Morten Luchtmann’s thesis defense
The 2025/12/05
From 9:00am to 12:00pm
Event details :
Thesis title: The Creation of Rational Addiction as a Descriptive Concept and a Political Fiction
The jury is composed of:
- Mr Samuel Ferey (University of Lorraine – Thesis supervisor)
- Mr Maxime Desmarais-Tremblay (University of Lorraine)
- Ms Agnès Gramain (University of Lorraine)
- Ms Catherine Herfeld (Leibniz Universität Hannover)
- Mr Jean-Sébastien Lenfant (Paris 1 Panthéon-Sorbonne University)
- Mr Pedro Teixeira (University of Porto)
Astract: This PhD thesis investigates the history of recent microeconomics, taking the rational addiction model of Gary Becker and Kevin Murphy (1988) as a case study. Our main objective is to describe how the model provided was innovative in two ways. First, we argue, the model provided an economic description of addiction; second, as a “political fiction,” the model provided a neoliberal view of addiction that was compatible with economically-liberal government principles, such as consumer sovereignty. Historiographically, we look at the rational addiction model as a “host of practices.” We describe the practices that are contained in the model and we compare how they were perceived in different research communities. Although Becker’s work on addiction provides the central threat of this thesis, we use different methods to contextualize his and his co-authors contributions on addiction.
The thesis is structured into three Parts. In Part 1 we provide a social-institutional prehistory of the rational addiction model by focusing on the household production framework, a theoretic framework in which the rational addiction model was first formulated. We document how the household production framework has been developed within an intellectual community at the NBER in the 1960s and 1970s. Using historiographical concepts like thought collectives and thought styles, we stress the social-institutional relations in which Becker became the intellectual leader that he was when he became involved in modeling addiction.
In Part 2 we focus in depth on the practices that were contained in the rational addiction model and we compare how they fitted in the existing literature on habit formation in formal demand models. First, we trace how habits entered into formal demand models in the post-WWII decades as a means to make static estimations more dynamic. While habits were at first modeled as a mechanism that limited present choices through the path dependency of past consumption, they became a more complex mechanism in intertemporal utility models as agents were also assumed to take in account the future effects of their habit-guided present consumption. We describe how the rational addiction model fitted in this literature and in which ways it was as a case of practice innovation.
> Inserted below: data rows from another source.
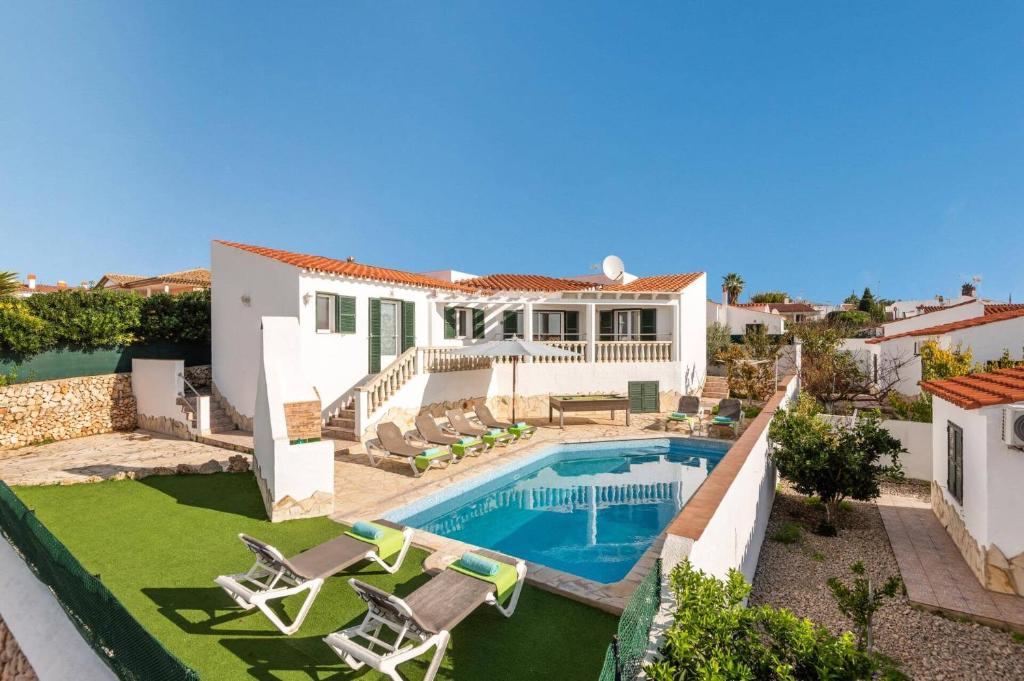 an aerial view of a house with a swimming pool at Villa Santi I by Villa Plus in Cala en Porter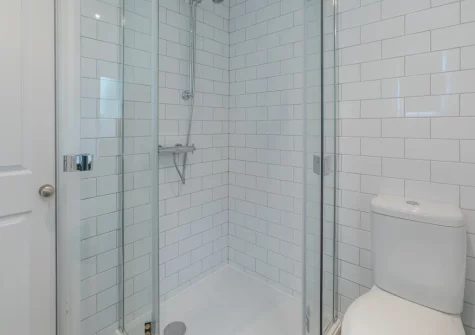 Bedroom #1 en-suite shower room at Old Post Office, Golant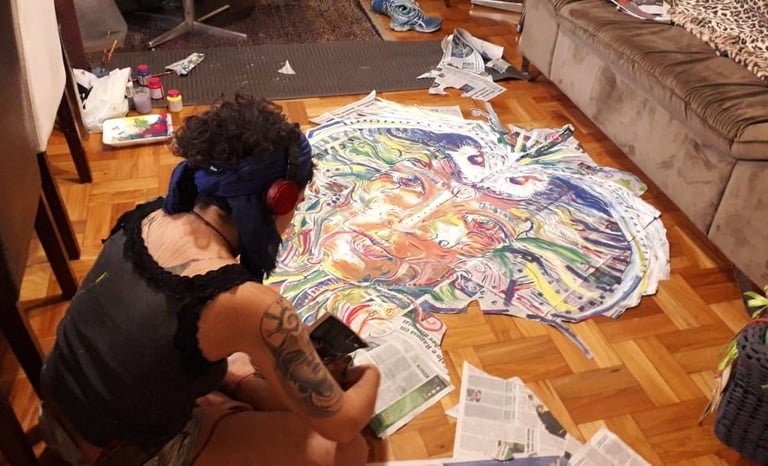 Naía découpe la composition réalisée sur papier journal avant d'aller la coller dans les rues de Belo Horizonte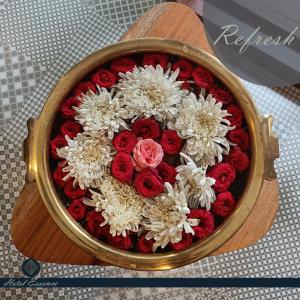 a bouquet of red and white flowers in a wooden bowl at Hotel ESSENCE in Vellore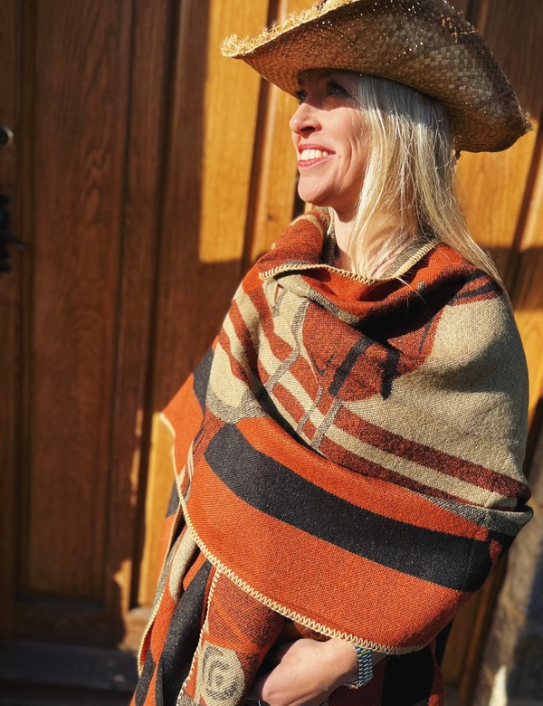 Woman wearing cashmere blend Warrior Wrap in orange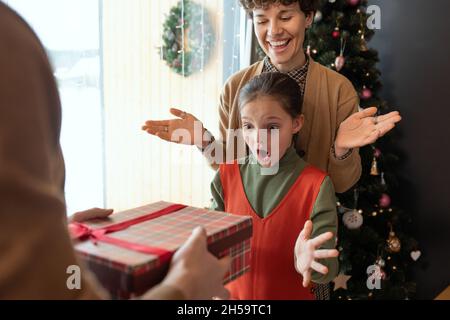 Amazed girl throwing hands up and keeping mouth open while getting Christmas present from parents Stock Photo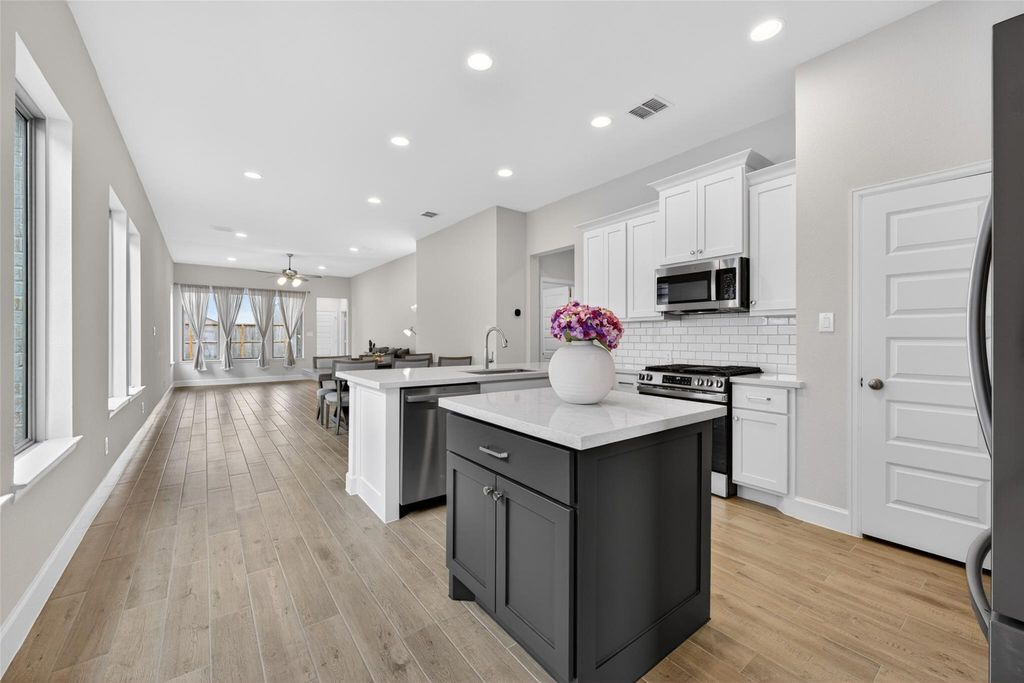 Open-concept kitchen and living area at 2867 Orange Leaf Dr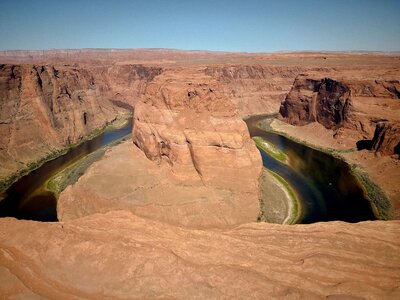 Scenic view of Horseshoe Bend in Page, Arizona, showing the dramatic curve of the Colorado River winding through towering red rock canyons under a clear blue sky.
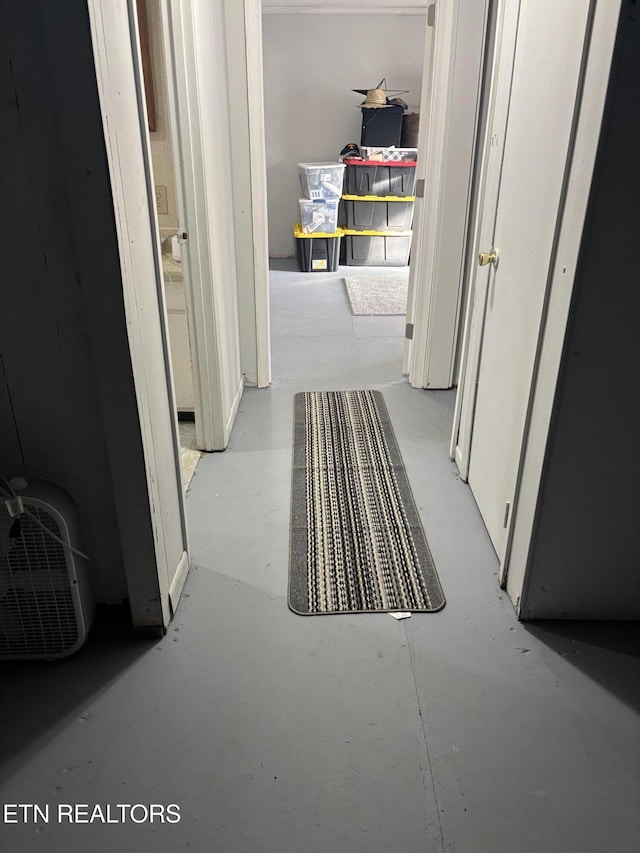 hallway featuring concrete flooring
In Part 3 we focus on the reception of the rational addiction model. We compare how the model was discussed and taken up among three different intellectual communities: among behavioral psychologists, among applied health economists, and among behavioral economists. By showing how in each of the three communities the model was perceived differently, we document associations that have been ascribed to the rational addiction model going beyond the purely descriptive aspect. We argue that our presentation of the creation and dissemination of the model illustrates well how microeconomic concepts often have meaning and significance going beyond the purely descriptive.